A similar situation applies to OPEX. Fortescue Metals Group projects shipment of 155 million tonnes of 62% Fe from its Western Australian operations in 2014, and forecasts a total production cost of US$51 per tonne.

These high CAPEX and OPEX numbers are impacting Chinese investment into development of alternative and lower cost sources of iron ore. African Minerals Ltd (AIM: AMI) is fast tracking the development of the Tonkolili iron ore resource in Sierra Leone with the support of major Chinese investors that include Shandong Iron & Steel, China Railways Material Company and an upcoming investment of US$990 million by Tewoo for a 10% stake that values Tonkolili at US$6 billion.

Tonkolili is currently producing and targeting a run rate of 20 million tonnes per annum in 2014. Projected EBITDA is US$31 per tonne or US$620 million, and capital intensity of US$120 per tonne.

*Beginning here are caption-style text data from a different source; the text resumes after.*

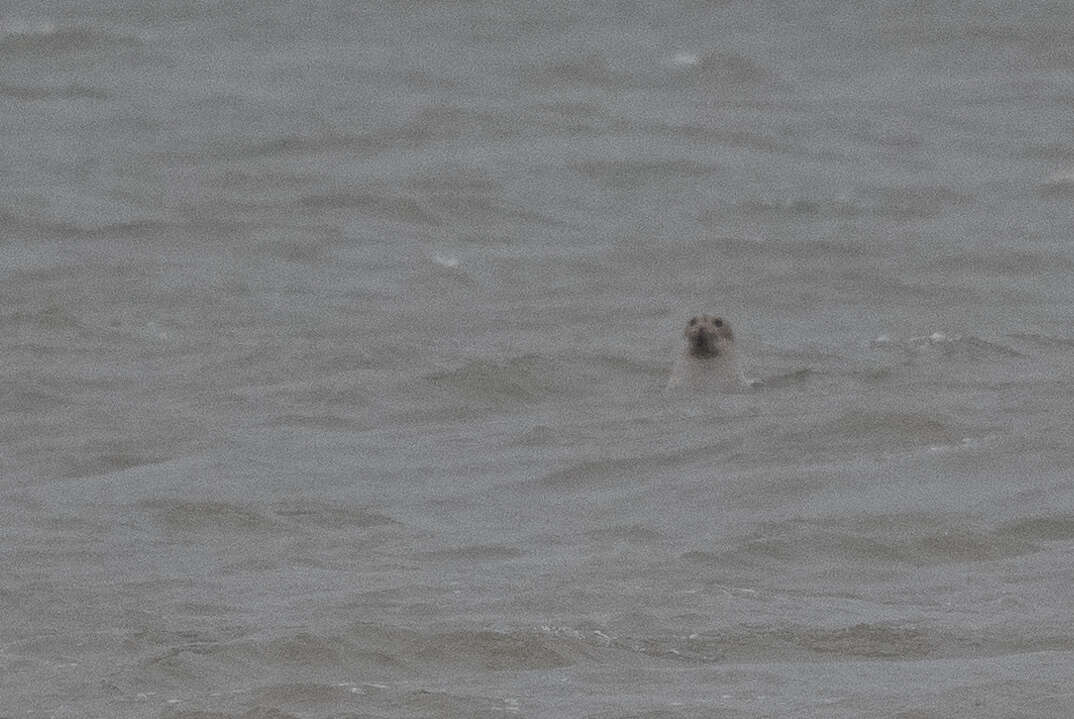 Image of bearded Seal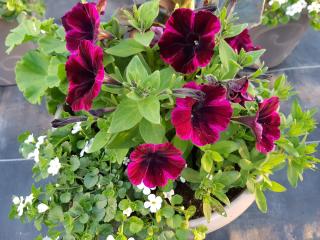 Fleuriste Jardinerie André 0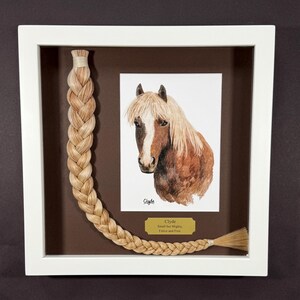 Horse Tail Equine Memorials WHITE Frame image 18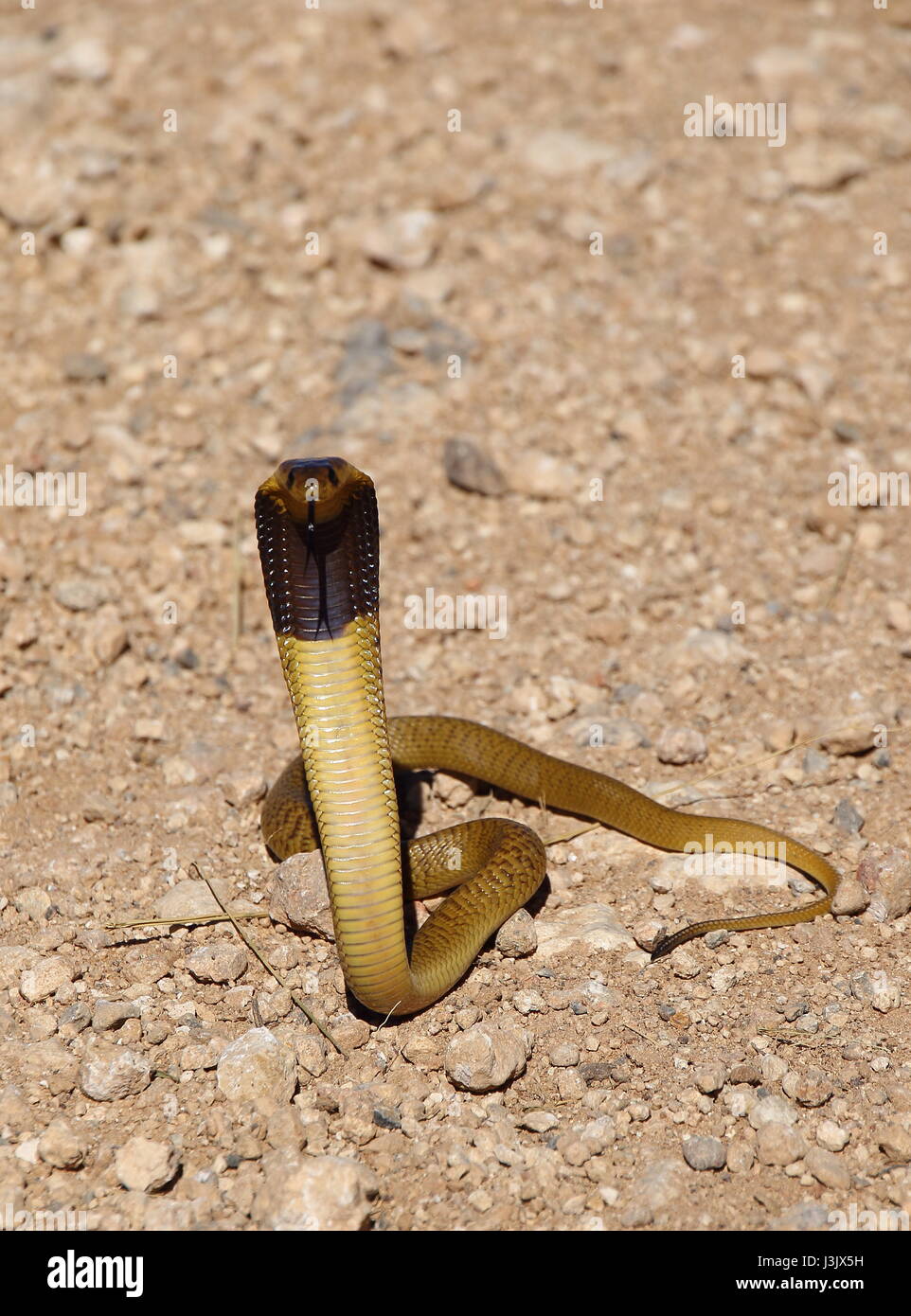 Juvenile Cape cobra a snake endemic to South Africa Stock Photo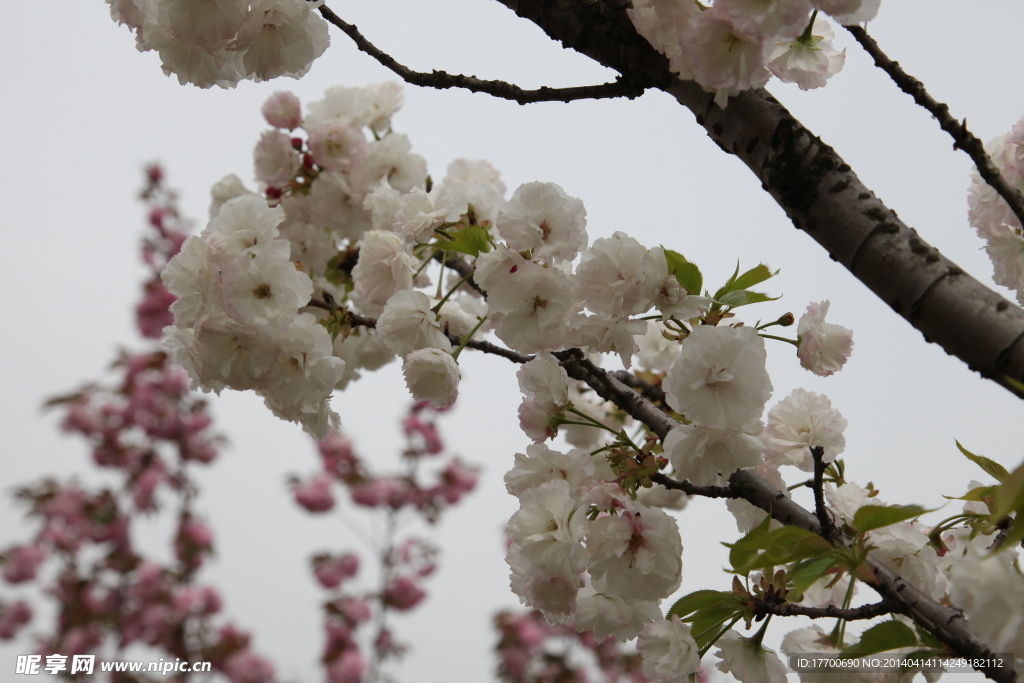 樱花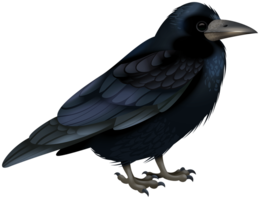 animals & Raven free transparent png image.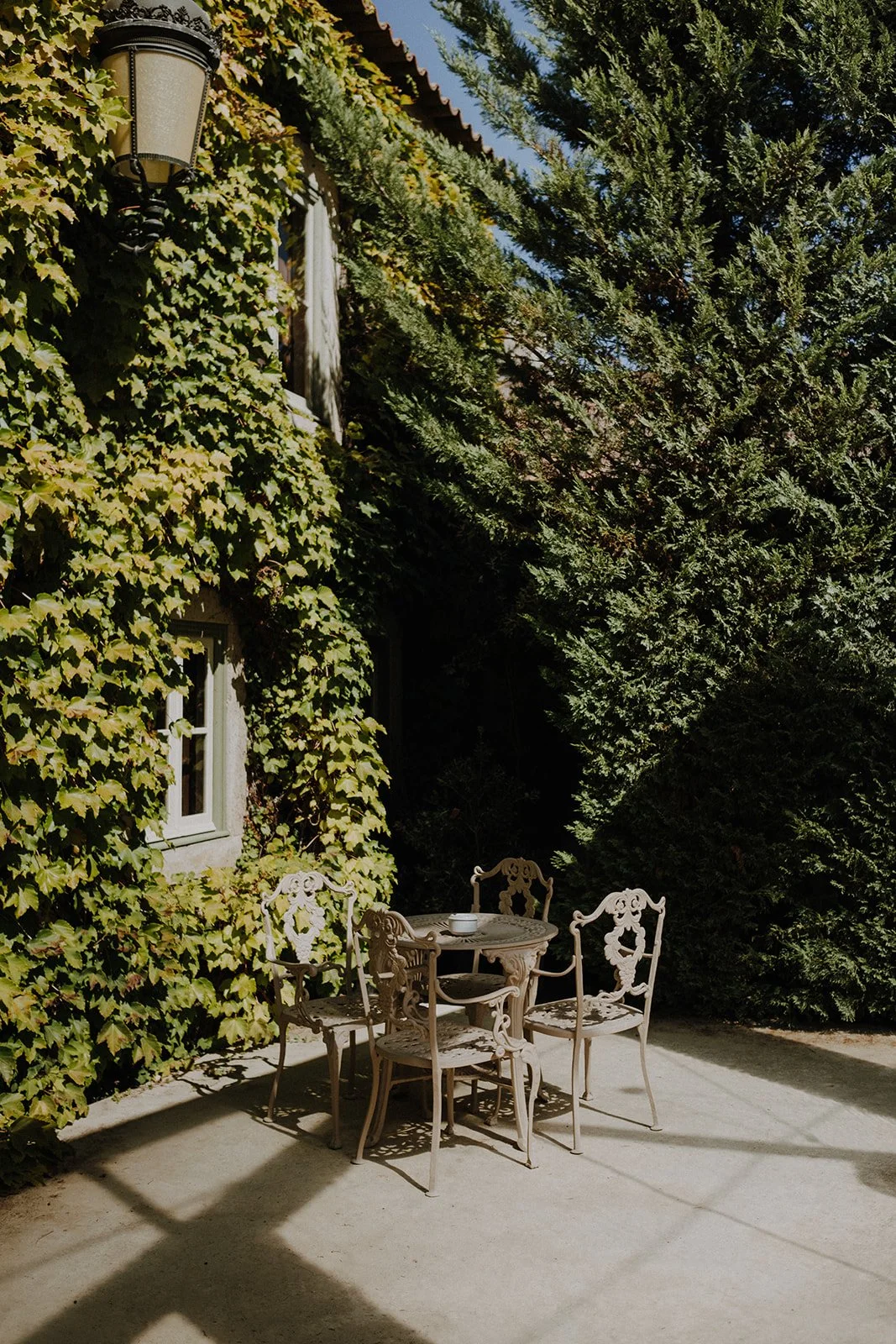 An outdoor patio area with a round metal table and four ornate metal chairs, surrounded by lush green ivy and tall trees, cast in sunlight.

The PFS for Agbaja projects an EBITDA of US$136 million / A$154 million, and application of the same EBITDA to market valuation that Tewoo applies to Tonkolili produces a market valuation of US$1.5 billion / A$1.71 billion.

The AIM market currently capitalises African Minerals Ltd at A$994.7 million for a projected 65% interest in Tonkolili, or A$76.51 per tonne of annualised output. Applying the same valuation to Kogi Iron's proposed output of 5 million tonnes per annum produces a valuation of A$382.6 million or $1.19 per Kogi Iron share on an undiluted basis, and applies on commencement of production.

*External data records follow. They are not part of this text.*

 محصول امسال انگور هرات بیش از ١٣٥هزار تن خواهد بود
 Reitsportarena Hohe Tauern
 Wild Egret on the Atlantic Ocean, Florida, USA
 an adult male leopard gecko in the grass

Zanga Iron (AIM: ZIOC) is developing a large scale iron ore resource in the Republic of Congo in a joint venture with Xstrata. The Company owns a 50% interest and has completed studies for a 12 million tonne per annum production rate, with a capital intensity of US$200 per tonne, and cash costs of US$40 per tonne. Zanga is valued at A$108.9 million or A$18.15 per tonne of proposed annualised output.

Kogi Iron is currently moving into a bankable feasibility stage, and valuations should be roughly comparable with Zanga, which remains unfunded. This equates to a valuation of A$90.8 million for Kogi Iron, on completion of Definitive Feasibility Studies, or A$0.28 per share.